The Visualization Workflow Pipeline prototype consists of two sub projects led by the University of Washington. A third project led by the University of Washington is Unstructured Grid Services.
Two Objectives
1) Design a new RESTful API to Trident and exercise it using COVE (COVE + Trident)
2) Demonstrate that data stored in Azure can be accessed by COVE (COVE + Azure)
Summary of Deliverables
1) COVE + Trident: Demonstration of interoperabilty between COVE and Trident using a new web services API to access and manage the workflow system, decoupling Trident from the local desktop for easier integration within the OOI. The WS API specification, code, and appropriate documentation will be made available to OOI engineers via the Confluence website.
2) COVE + Azure: Demonstration that any OOI application, exemplified by COVE, can access and manipulate data managed in the Microsoft Azure cloud. Code to facilitate access, including workflows used to process data will be made available to OOI engineers via the OOI Confluence website. 
Technologies
1) Trident is a workflow and provenance management system, with storage layers for RDBMS, Amazon S3, and local files. Trident is applicable to requirements for complex analytics in the OOI. A RESful API to Trident provides interoperability with the rest of the OOI framework.

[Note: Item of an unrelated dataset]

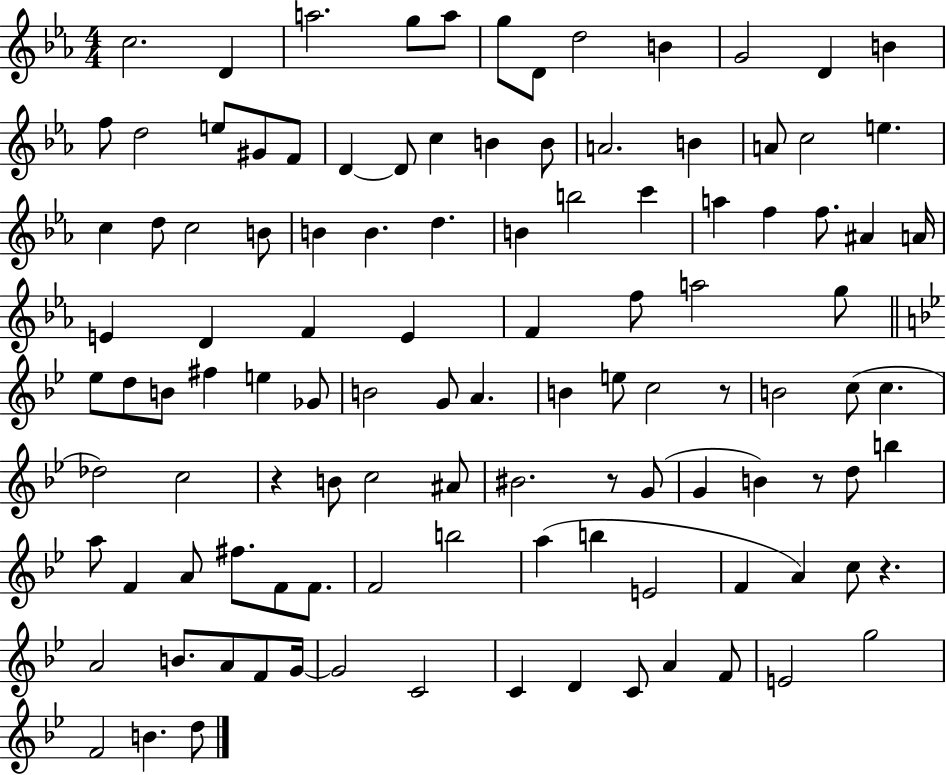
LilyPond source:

2) COVE is a visualization system providing a richer UI model and better support for oceanographic data that Google Ocean. COVE serves as a "canonical application" for visualization and management of ocean data. That is, demonstrations with COVE provide a proof of concept that other client-side systems can successfully interoperate with Trident and Azure.
3) Azure is a new cloud computing platform provided by Microsoft. Azure is a platform for massively parallel asynchronous computation. We are exploring the role that Azure plays in the OOI by "stress-testing" the APIs.
Architecture 
Status
Both the Windows and Mac COVE user clients are feature complete at this point. The client provides the ability to create geo-positioned visualizations of scientific data, arbitrary bathymetry, images, and instrument layout using a Google Earth - like zooming interface and data layering approach.
The COVE visualization engine is available both on the users system through the client or as a visualization service through a RESTful web service. This allows any visualization created with the client to be migrated to the web to be regenerated automatically as datasets change.
The COVE data store is implemented as a RESTful web that is accessible through the COVE client. The data store can be located on a user machine, the web, or in the cloud using the AZURE interface. XML based metadata is stored with each uploaded item to provide search parameters.
The COVE client provides scientific workflow support through the Trident Workflow Web Service. An integrated interface allows the user to access workflow output from the client. A base activity set has been implemented and several sample activities and workflows have been created to exercise the activities. The activities have been architected to enable data access in the cloud through URI's.
TODO
Complete COVE data server web interface
Improve UI for migrating visualizations to the web for scheduled regeneration.
Investigate ability to run COVE visualization engine on cloud services.